L'avancée purement rhétorique de Barack Obama sur un État palestinien sur les frontières de 1967 a été gommée par un discours présidentiel devant l'Aipac, le lobby israélien qui pèse lourd dans la vie politique américaine. Entre-temps, les donateurs de fonds juifs du Parti démocrate ont envoyé des signaux non équivoques au locataire de la Maison-Blanche sur le fait qu'il ne verra pas la couleur de leur monnaie. Que fait le Président américain ? Un nouvel exercice rhétorique dans lequel il promet qu'un « désaccord » de son administration avec Tel-Aviv n'aura jamais d'incidences. « Les liens entre les États-Unis et Israël sont inaltérables, et l'engagement des États-Unis envers la sécurité d'Israël est inébranlable ».
En peu de mots, le Président des États-Unis dit aux Israéliens et à l'Aipac que tout ce qu'il peut dire sur la paix, l'État palestinien et les frontières, ce n'est que du vent... destiné à donner le change à une jeunesse arabe en révolte. Benjamin Netanyahu, contrairement aux dramatisations de la presse occidentale sur les prétendues divergences entre Israël et les États-Unis, était très satisfait du discours de M. Obama.

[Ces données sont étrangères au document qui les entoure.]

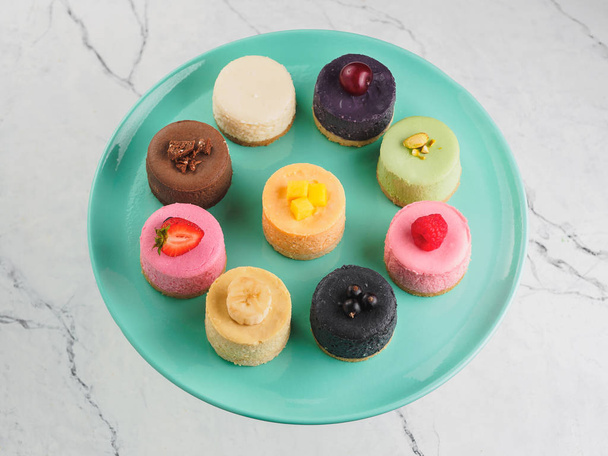 Round mini cheesecakes with fruits and berries on stand. - 写真・画像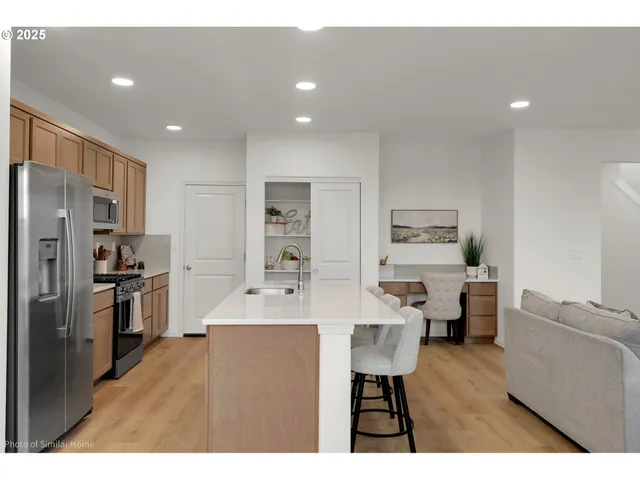 a large kitchen with a table and chairs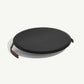 Black round lid with handles on a white background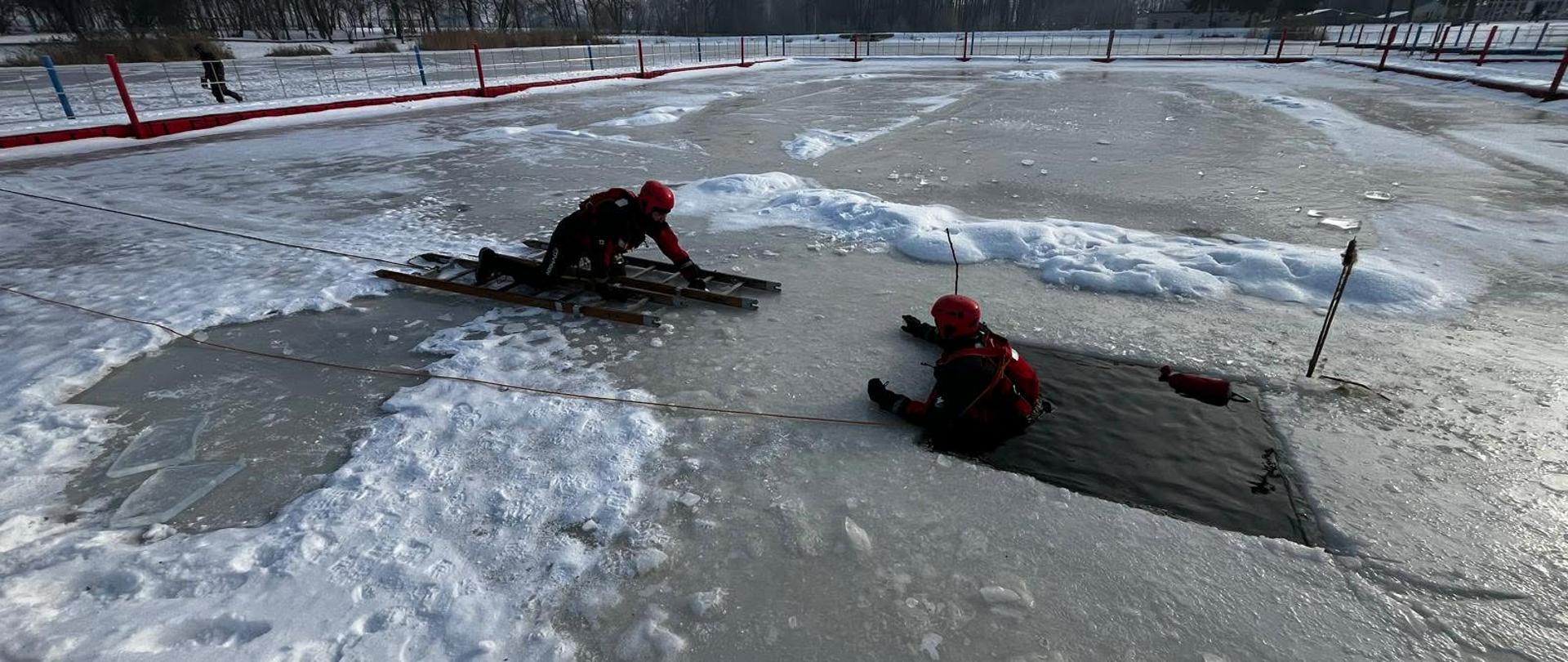 Ćwiczenia ratownictwa lodowego na zamarzniętym zbiorniku wodnym. Dwóch ratowników w czerwonych kaskach i skafandrach pracuje przy przeręblu — jeden znajduje się w wodzie, drugi leży na lodzie na drewnianych podporach, trzymając linę asekuracyjną. W tle rozległa, zaśnieżona tafla lodu oraz ogrodzenie i zimowy krajobraz z drzewami.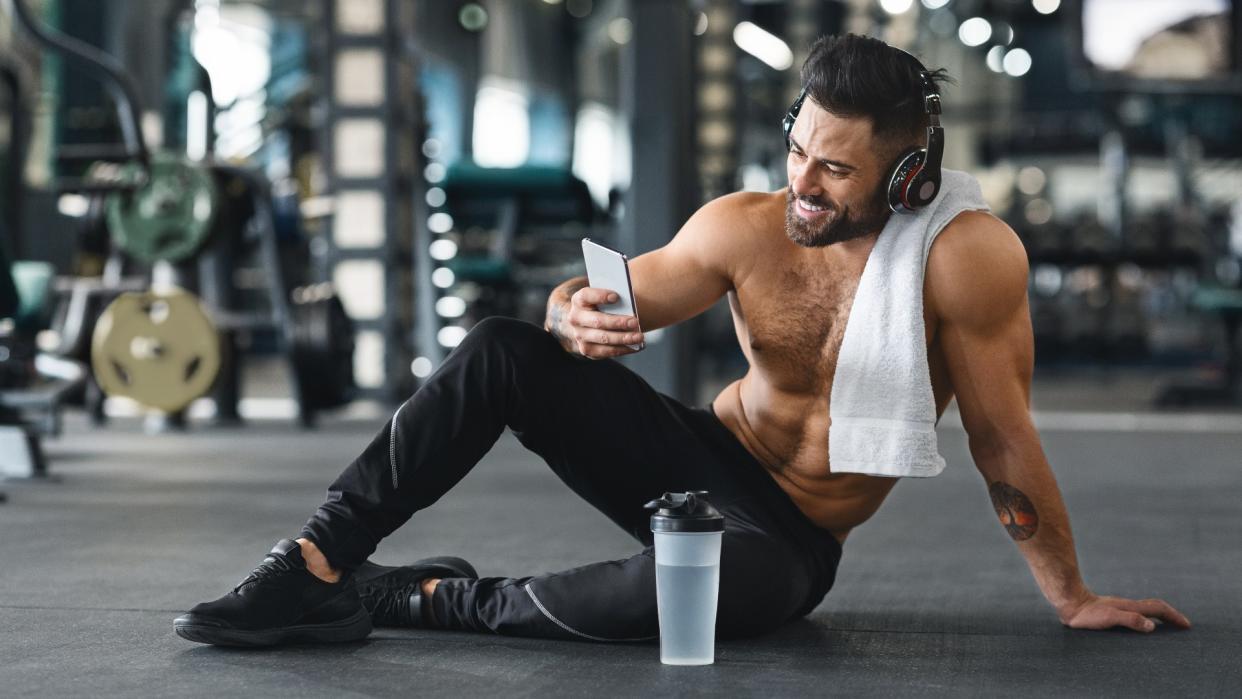  Man sitting on the floor of a. gym post-workout holding his phone smiling 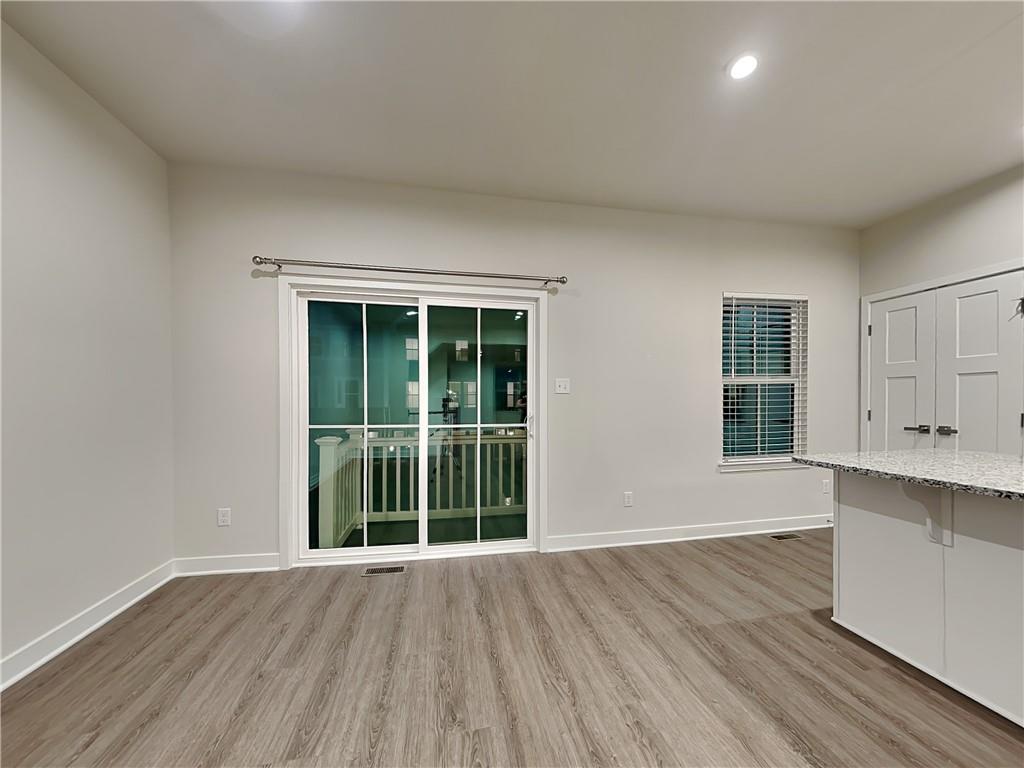 4806 Spruce Road Gibsonia, PA 15044 - Photo 10 of 49 a view of an empty room with wooden floor and windows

Quand le président de la plus grande puissance mondiale énonce clairement que le refus d'Israël de s'engager sérieusement pour la paix n'aura aucune incidence, pourquoi Netanyahu s'inquiéterait-il ? D'ailleurs, ceux qui ont trop mis en exergue ses propos sur les frontières de 1967 en sont pour leurs frais.
M. Obama est allé battre sa coulpe à l'Aipac en jurant qu'on avait fait des « représentations fausses » de ses propos. C'est quoi la représentation « vraie » ? Exactement, l'énoncé du sinistre George W. Bush indiquant aux Palestiniens qu'ils devraient tenir compte des « nouvelles réalités démographiques sur le terrain et des besoins des deux parties ». Pour le cas où vous êtes sous le charme de la rhétorique alambiquée de M. Obama, la représentation « vraie » de ce qu'il a dit est que l'État palestinien ne sera pas basé sur les frontières de 1967. On pourra dire que le président Barack Obama détient le record en matière de vitesse de retournement rhétorique. Les « nouvelles réalités » que les Palestiniens sont invités à prendre en compte et à accepter, ce sont les colonies de peuplement et l'épuration ethno-religieuse menée par l'État d'Israël.
On est à chaque fois surpris de constater à quel point l'administration américaine a peu d'estime pour l'intelligence des opinions arabes et singulièrement de cette jeunesse arabe en révolte contre les vassalités locales. Il est clair que M. Barack Obama ne peut occulter la réalité politique américaine et qu'il doit se faire réélire. Son problème est qu'il prétend « innover » et même apporter une touche « morale » et « démocratique » à la politique américaine. Ses contorsions sur la question palestinienne en moins de 48 heures le confondent. Les jeunes arabes en révolte ne sont pas des niais, ils savent clairement que la rhétorique d'Obama sur la Palestine est vide. Du vent.